Caption-style text data:

+---+

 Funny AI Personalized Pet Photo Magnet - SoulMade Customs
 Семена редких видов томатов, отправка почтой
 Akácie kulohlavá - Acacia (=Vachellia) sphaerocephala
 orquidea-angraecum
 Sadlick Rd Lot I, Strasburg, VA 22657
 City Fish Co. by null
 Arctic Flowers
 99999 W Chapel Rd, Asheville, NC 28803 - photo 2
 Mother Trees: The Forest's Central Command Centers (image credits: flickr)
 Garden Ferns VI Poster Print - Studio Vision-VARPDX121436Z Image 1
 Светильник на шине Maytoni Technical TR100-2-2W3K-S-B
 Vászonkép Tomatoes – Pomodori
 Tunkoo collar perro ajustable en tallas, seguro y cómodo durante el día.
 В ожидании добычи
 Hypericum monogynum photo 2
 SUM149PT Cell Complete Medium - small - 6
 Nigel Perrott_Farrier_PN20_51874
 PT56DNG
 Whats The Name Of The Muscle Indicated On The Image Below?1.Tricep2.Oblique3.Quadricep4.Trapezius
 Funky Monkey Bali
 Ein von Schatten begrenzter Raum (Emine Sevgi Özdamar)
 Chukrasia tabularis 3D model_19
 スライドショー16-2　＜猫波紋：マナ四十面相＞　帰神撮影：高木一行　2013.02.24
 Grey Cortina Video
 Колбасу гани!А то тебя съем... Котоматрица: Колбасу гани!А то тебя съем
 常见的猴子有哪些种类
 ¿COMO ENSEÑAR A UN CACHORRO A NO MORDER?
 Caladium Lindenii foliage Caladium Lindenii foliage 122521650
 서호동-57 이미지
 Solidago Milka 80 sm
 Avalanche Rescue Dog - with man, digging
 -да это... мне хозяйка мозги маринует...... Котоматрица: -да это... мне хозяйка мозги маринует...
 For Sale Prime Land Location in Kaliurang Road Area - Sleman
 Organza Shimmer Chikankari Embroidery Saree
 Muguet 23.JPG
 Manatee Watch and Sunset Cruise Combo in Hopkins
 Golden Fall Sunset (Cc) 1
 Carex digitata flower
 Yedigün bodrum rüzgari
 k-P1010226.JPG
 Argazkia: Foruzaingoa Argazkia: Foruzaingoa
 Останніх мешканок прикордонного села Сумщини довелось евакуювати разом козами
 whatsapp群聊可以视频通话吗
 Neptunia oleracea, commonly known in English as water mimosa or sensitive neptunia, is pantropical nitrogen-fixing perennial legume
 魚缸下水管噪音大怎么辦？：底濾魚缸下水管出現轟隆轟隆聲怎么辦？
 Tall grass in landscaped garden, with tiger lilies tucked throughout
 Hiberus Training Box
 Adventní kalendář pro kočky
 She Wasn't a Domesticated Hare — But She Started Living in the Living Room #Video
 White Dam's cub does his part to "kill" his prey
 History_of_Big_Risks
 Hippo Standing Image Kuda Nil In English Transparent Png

+---+

**Work instructions:** Return all lines in the data that include the word "with".

**Your response:**
 Avalanche Rescue Dog - with man, digging
 Tall grass in landscaped garden, with tiger lilies tucked throughout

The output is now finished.